The government would release the coin on the eve of Pope Benedict XVI conferring the sainthood on her. The Pope had announced Sister Alphonsa’s elevation as saint on March 1 after the Vatican’s consistory of cardinals meeting in Rome cleared her case.

This is the first time in the 2000 years of Catholic Church history that an Indian, and that too a woman, is being conferred the honour.

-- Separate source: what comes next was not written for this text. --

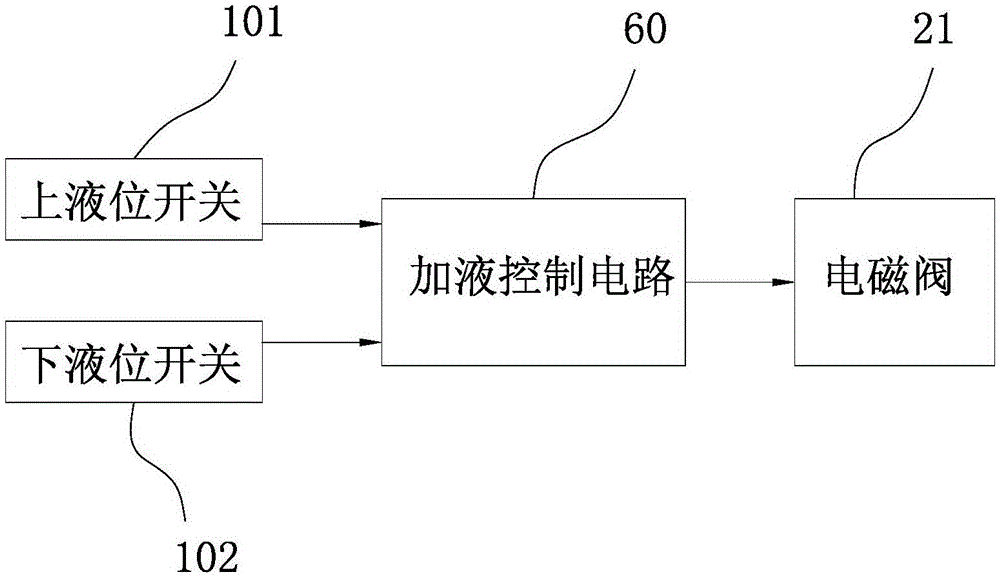 Copper foil anti-oxidation treating fluid, preparation method of copper foil anti-oxidation treating fluid and copper foil anti-oxidation treating equipment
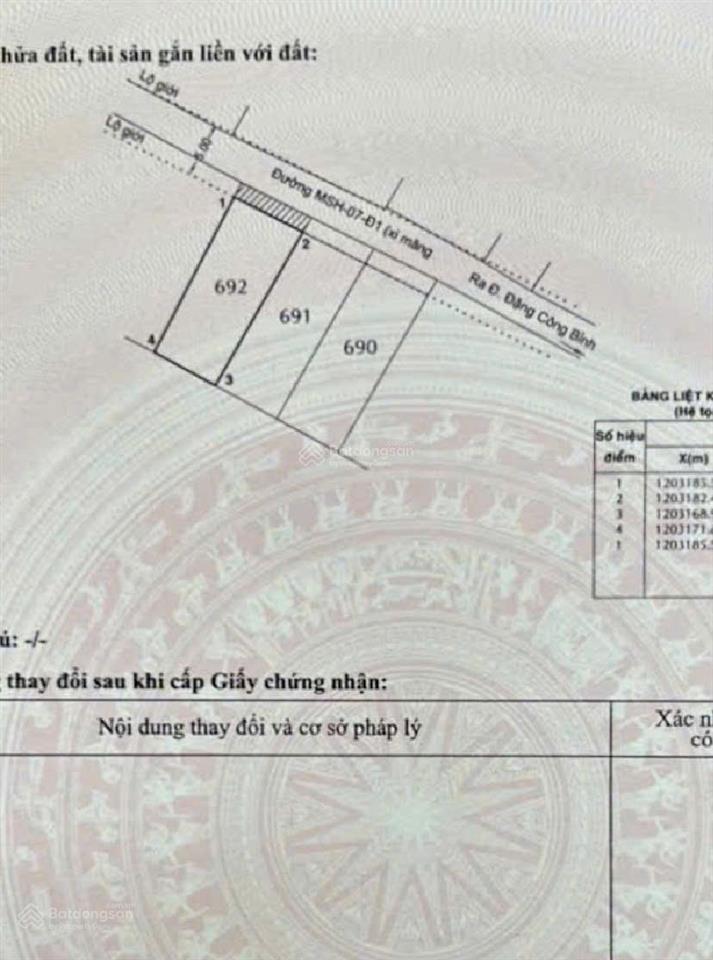Bán lô đất xuân thới sơn gần đặng công bỉnh kế vinhomes hoc môn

Sister Alphonsa, popularly known as Annakutty before she joined the Franciscan Clarist Convent at Bharananganam (central Kerala) on August 2, 1928, was beatified (the last step on the path to sainthood) in 1986 by the late Pope John Paul II with another Catholic priest Blessed Kuriakose Elias Chavara, Kottayam (central Kerala), on his first visit to India.  

Former Kerala chief minister Oomen Chandy, KPCC president Ramesh Chennithala and Kerala Congress (M) chief KM Mani had called on finance minister P Chidamabram on May 29 with the request for the coin. Chidambaram promptly agreed as it was a “national honour”.  

The sainthood process of Mother Teresa, who was beatified by the Pope on October 19, 2003, after Vatican investigators recognised the miracle healing of an Indian woman cancer patient on her intervention, is not yet complete.

Earlier, Gonsalo Garcia of Vasai in Maharashtra was canonised in 1862, but he was born to a Portuguese father and Indian mother.

Sister Alphonsa was beatified after a handicapped boy of Kottayam was cured on praying at her tomb in Bharananganam. She was born on August 19, 1910, in Kudamaloor near Kottayam and died young at 37, on July 28, 1946.

PC Thomas, an independent MP from Kerala, had first raised the coin issue in the Lok Sabha.

The RSS and the Shiv Sena had last year opposed the release of a Rs2 coin which allegedly had an emblem of the cross.  

RSS spokesperson Ram Madhav, however, said, “I have not heard any instance of a coin-release in the name of a religious person.”

He said personally he did not find anything objectionable in issuing “a coin in the honour of some person of our country, if that person is respected by a section of people”, but the RSS would take a view on it after the government’s announcement.